**PROBLEM REQUIREMENTS**
Would you retype the whole listing verbatim, keeping pictures out of it?

**INPUT FOR THIS TASK**

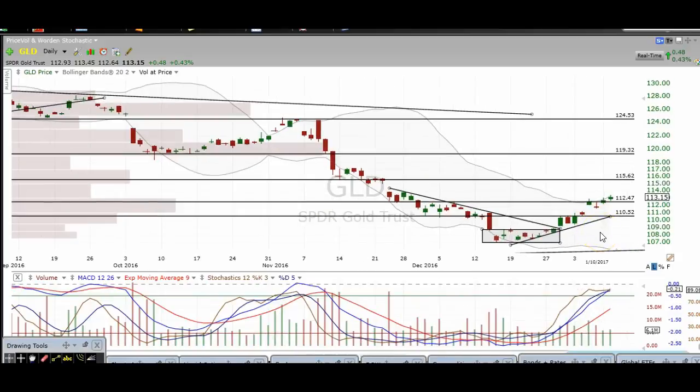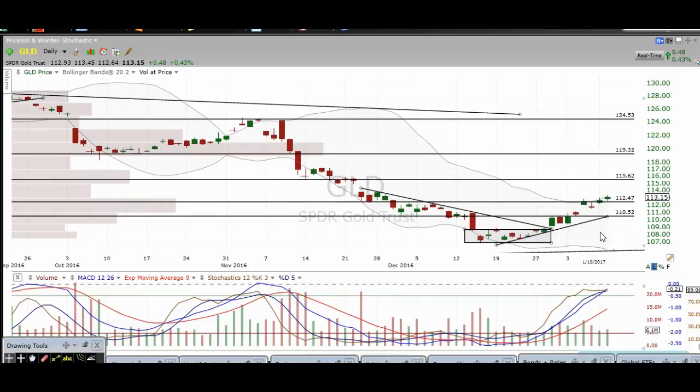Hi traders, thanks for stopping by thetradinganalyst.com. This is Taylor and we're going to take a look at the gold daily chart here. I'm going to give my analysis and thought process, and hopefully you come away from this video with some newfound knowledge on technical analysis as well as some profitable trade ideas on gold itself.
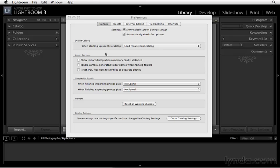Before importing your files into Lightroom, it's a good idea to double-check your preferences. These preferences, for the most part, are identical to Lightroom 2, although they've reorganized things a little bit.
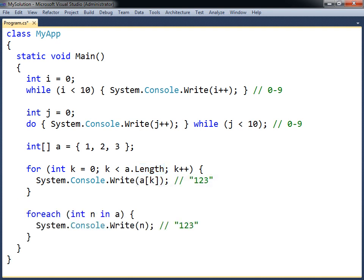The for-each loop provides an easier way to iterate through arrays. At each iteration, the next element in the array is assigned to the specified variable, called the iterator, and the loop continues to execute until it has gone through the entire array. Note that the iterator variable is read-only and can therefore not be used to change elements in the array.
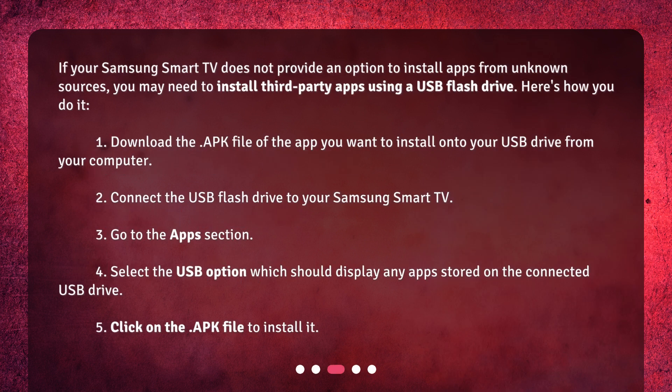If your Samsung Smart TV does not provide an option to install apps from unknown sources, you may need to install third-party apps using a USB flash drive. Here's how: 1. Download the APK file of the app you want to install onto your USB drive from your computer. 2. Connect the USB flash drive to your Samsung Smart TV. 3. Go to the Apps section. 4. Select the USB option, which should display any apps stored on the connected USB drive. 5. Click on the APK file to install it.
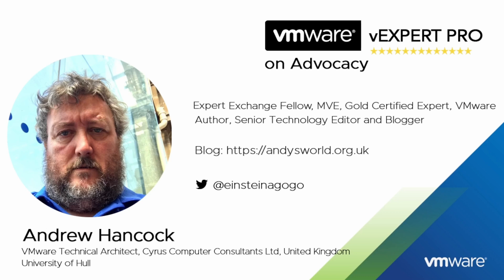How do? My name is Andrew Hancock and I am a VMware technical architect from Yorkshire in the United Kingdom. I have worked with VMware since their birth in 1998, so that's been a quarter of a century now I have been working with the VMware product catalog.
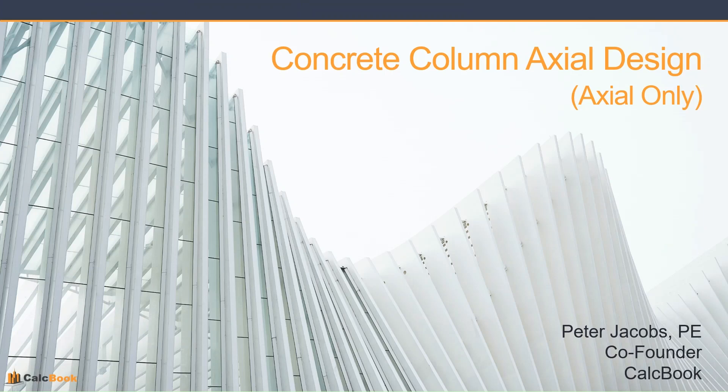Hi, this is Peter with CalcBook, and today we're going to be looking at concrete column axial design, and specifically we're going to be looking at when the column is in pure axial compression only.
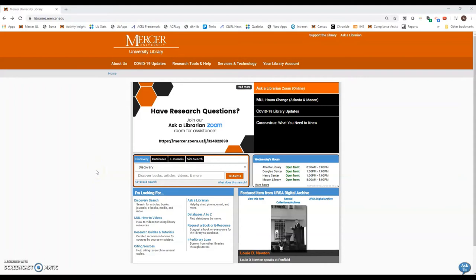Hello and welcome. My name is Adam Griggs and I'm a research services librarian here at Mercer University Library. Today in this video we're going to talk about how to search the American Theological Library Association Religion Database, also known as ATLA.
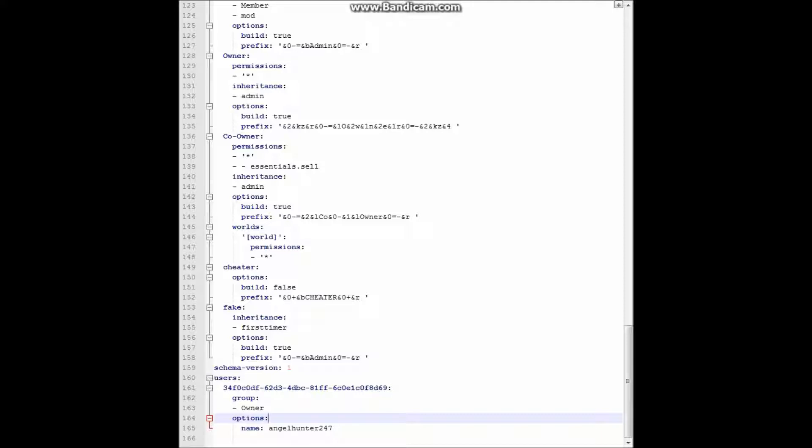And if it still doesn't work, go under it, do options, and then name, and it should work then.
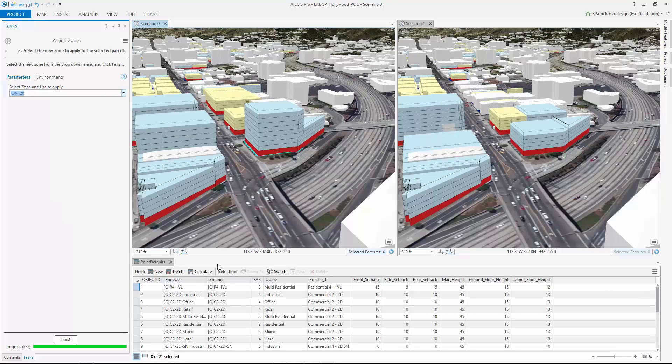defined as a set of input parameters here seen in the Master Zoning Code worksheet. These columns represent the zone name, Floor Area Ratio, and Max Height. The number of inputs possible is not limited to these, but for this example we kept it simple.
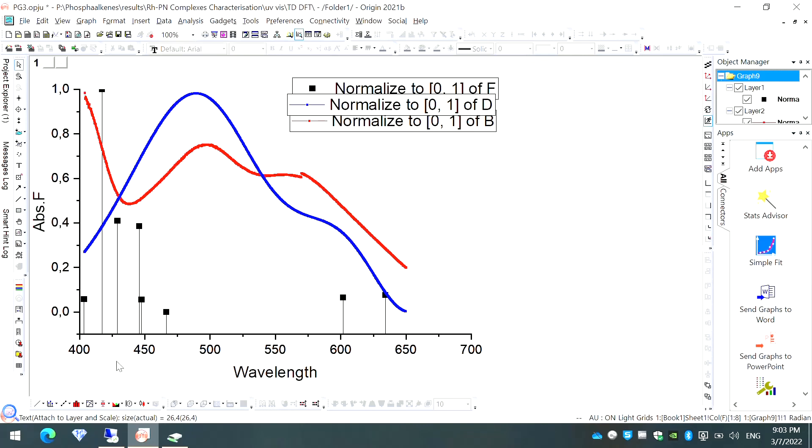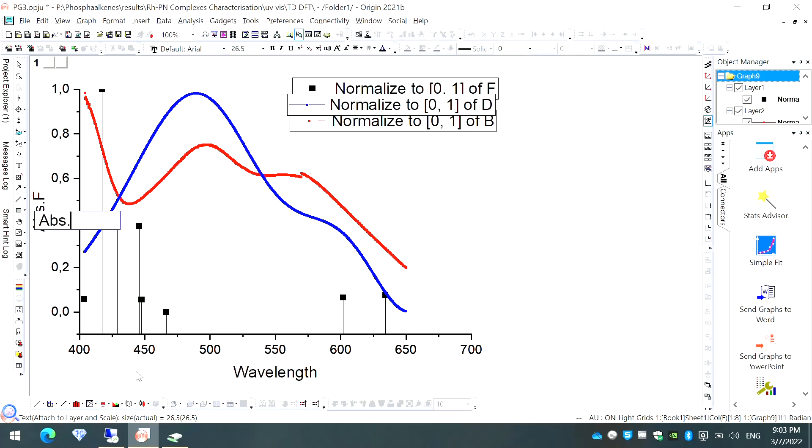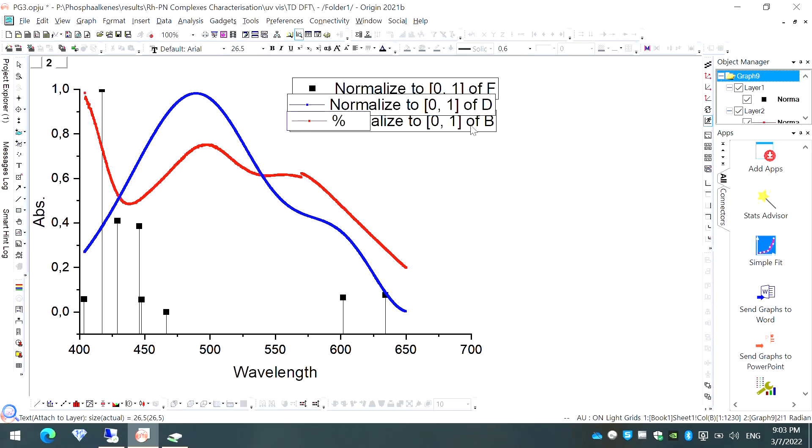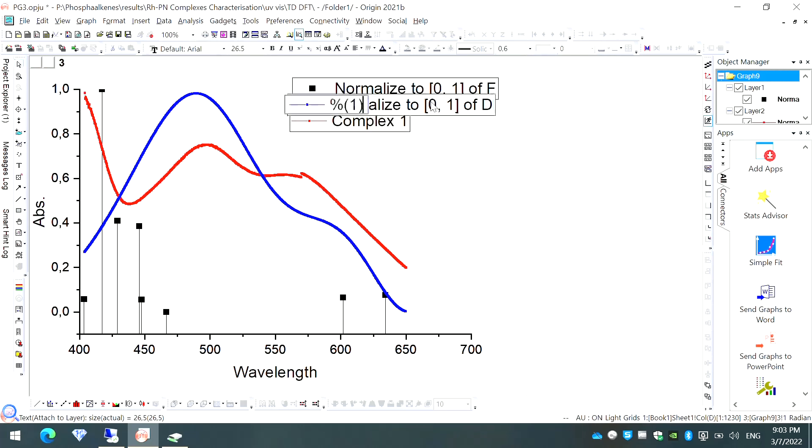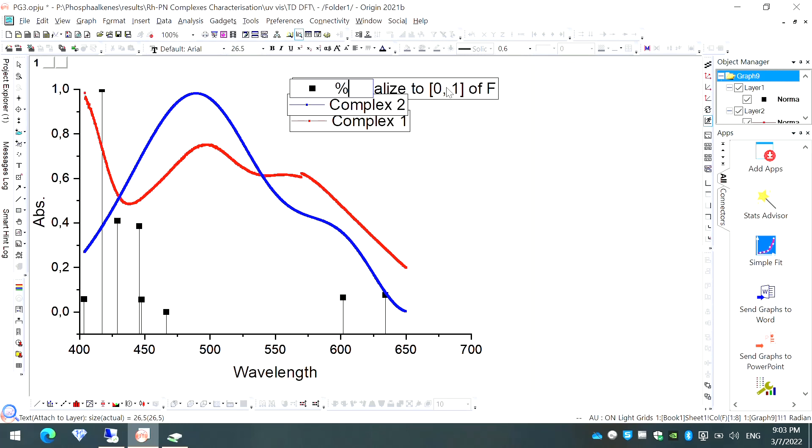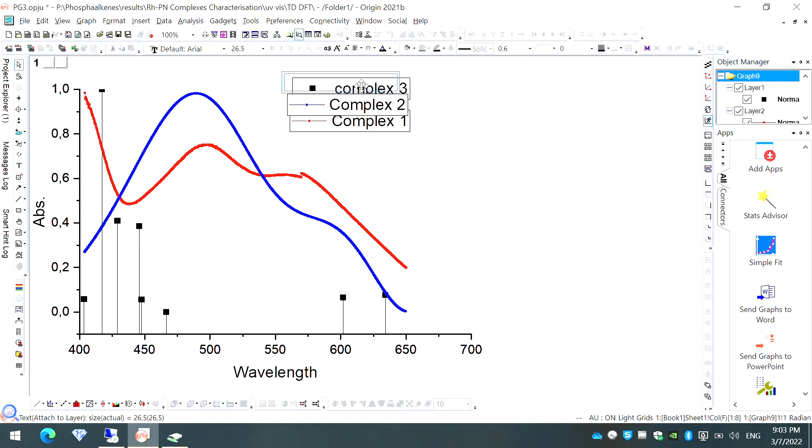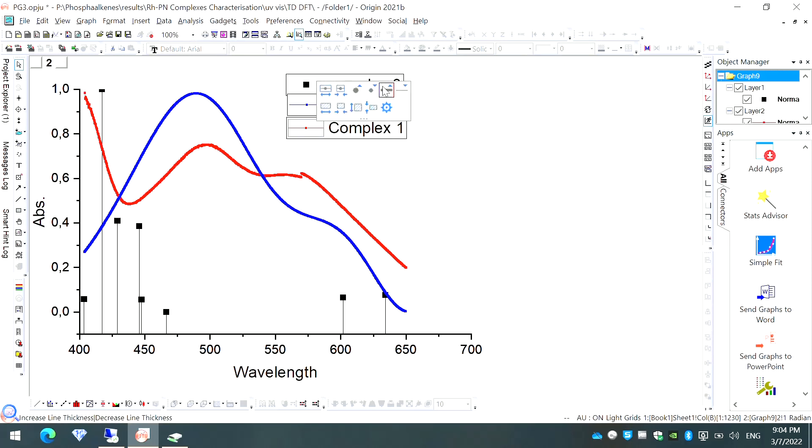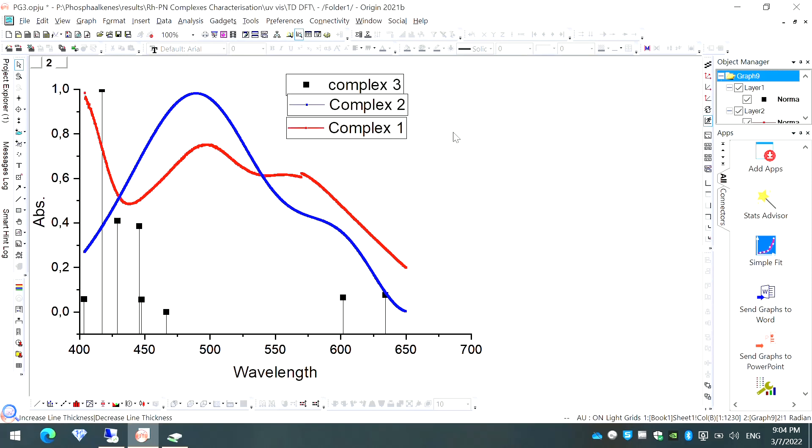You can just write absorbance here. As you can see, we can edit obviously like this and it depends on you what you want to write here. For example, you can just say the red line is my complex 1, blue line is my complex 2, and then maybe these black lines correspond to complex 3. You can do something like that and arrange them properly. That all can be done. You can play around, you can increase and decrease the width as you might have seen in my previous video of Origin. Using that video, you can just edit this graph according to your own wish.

**EXERCISE RESULT**
Hi traders, thanks for stopping by thetradinganalyst.com. This is Taylor and we're going to take a look at the gold daily chart here. I'm going to give my analysis and thought process, and hopefully you come away from this video with some newfound knowledge on technical analysis as well as some profitable trade ideas on gold itself.
Before importing your files into Lightroom, it's a good idea to double-check your preferences. These preferences, for the most part, are identical to Lightroom 2, although they've reorganized things a little bit.
The for-each loop provides an easier way to iterate through arrays. At each iteration, the next element in the array is assigned to the specified variable, called the iterator, and the loop continues to execute until it has gone through the entire array. Note that the iterator variable is read-only and can therefore not be used to change elements in the array.
If your Samsung Smart TV does not provide an option to install apps from unknown sources, you may need to install third-party apps using a USB flash drive. Here's how: 1. Download the APK file of the app you want to install onto your USB drive from your computer. 2. Connect the USB flash drive to your Samsung Smart TV. 3. Go to the Apps section. 4. Select the USB option, which should display any apps stored on the connected USB drive. 5. Click on the APK file to install it.
How do? My name is Andrew Hancock and I am a VMware technical architect from Yorkshire in the United Kingdom. I have worked with VMware since their birth in 1998, so that's been a quarter of a century now I have been working with the VMware product catalog.
Hi, this is Peter with CalcBook, and today we're going to be looking at concrete column axial design, and specifically we're going to be looking at when the column is in pure axial compression only.
Hello and welcome. My name is Adam Griggs and I'm a research services librarian here at Mercer University Library. Today in this video we're going to talk about how to search the American Theological Library Association Religion Database, also known as ATLA.
And if it still doesn't work, go under it, do options, and then name, and it should work then.
defined as a set of input parameters here seen in the Master Zoning Code worksheet. These columns represent the zone name, Floor Area Ratio, and Max Height. The number of inputs possible is not limited to these, but for this example we kept it simple.
You can just write absorbance here. As you can see, we can edit obviously like this and it depends on you what you want to write here. For example, you can just say the red line is my complex 1, blue line is my complex 2, and then maybe these black lines correspond to complex 3. You can do something like that and arrange them properly. That all can be done. You can play around, you can increase and decrease the width as you might have seen in my previous video of Origin. Using that video, you can just edit this graph according to your own wish.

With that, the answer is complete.